INFORMATION PROVIDED Start Marker
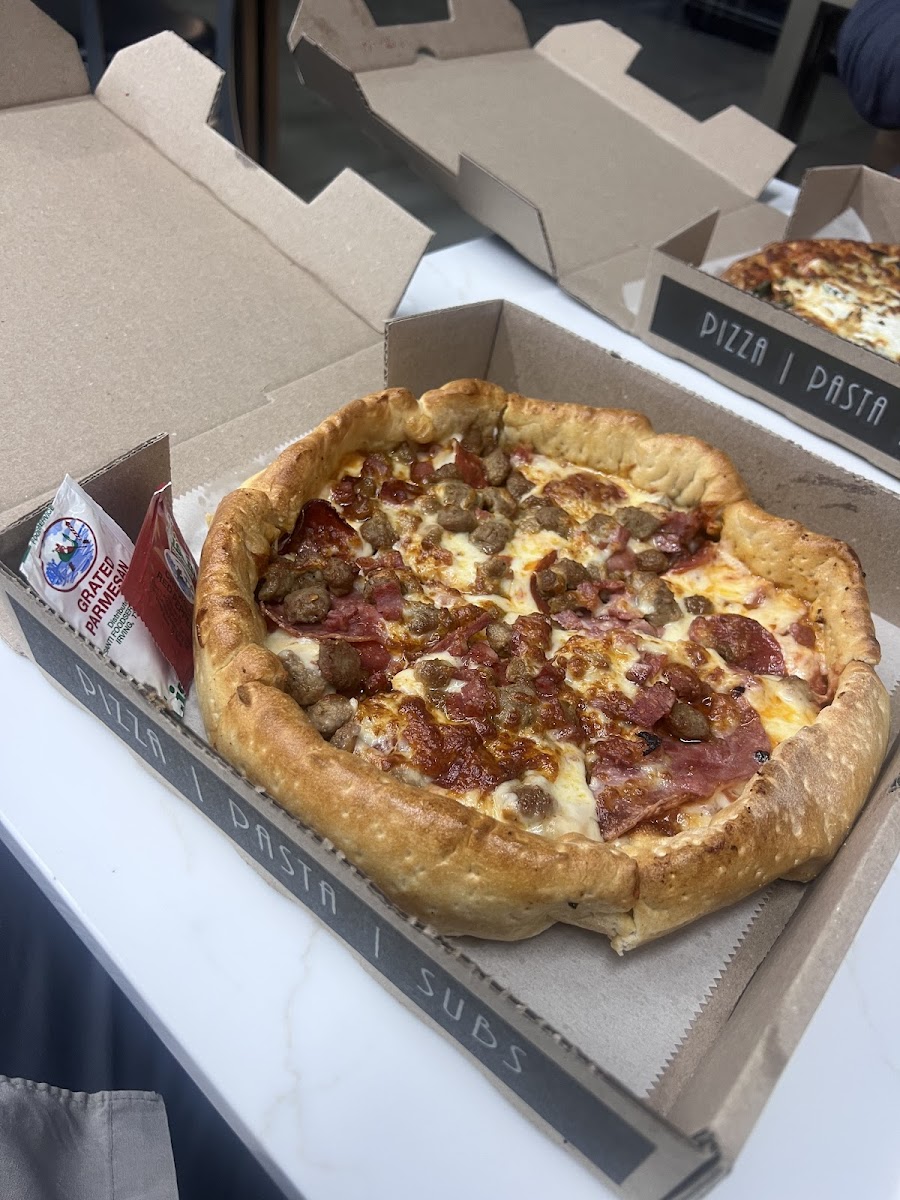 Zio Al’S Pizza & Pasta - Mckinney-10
INFORMATION PROVIDED End Marker
INFORMATION PROVIDED Start Marker
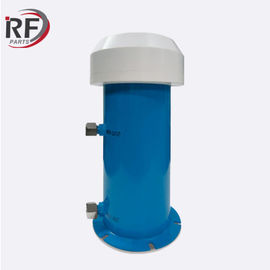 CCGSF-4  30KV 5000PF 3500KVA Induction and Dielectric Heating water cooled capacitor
INFORMATION PROVIDED End Marker
INFORMATION PROVIDED Start Marker
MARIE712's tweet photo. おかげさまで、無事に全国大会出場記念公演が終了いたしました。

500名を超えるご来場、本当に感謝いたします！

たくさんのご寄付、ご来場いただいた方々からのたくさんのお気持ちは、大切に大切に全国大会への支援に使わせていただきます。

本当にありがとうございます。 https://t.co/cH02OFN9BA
INFORMATION PROVIDED End Marker
• _PROBLEM REQUIREMENTS_: Retype, exactly and in full, the lines above from the one containing "500名を超えるご来場、本当に感謝いたします！" through the one containing "本当にありがとうございます。 https://t.co/cH02OFN9BA".

• _WRITTEN SOLUTION_:
500名を超えるご来場、本当に感謝いたします！

たくさんのご寄付、ご来場いただいた方々からのたくさんのお気持ちは、大切に大切に全国大会への支援に使わせていただきます。

本当にありがとうございます。 https://t.co/cH02OFN9BA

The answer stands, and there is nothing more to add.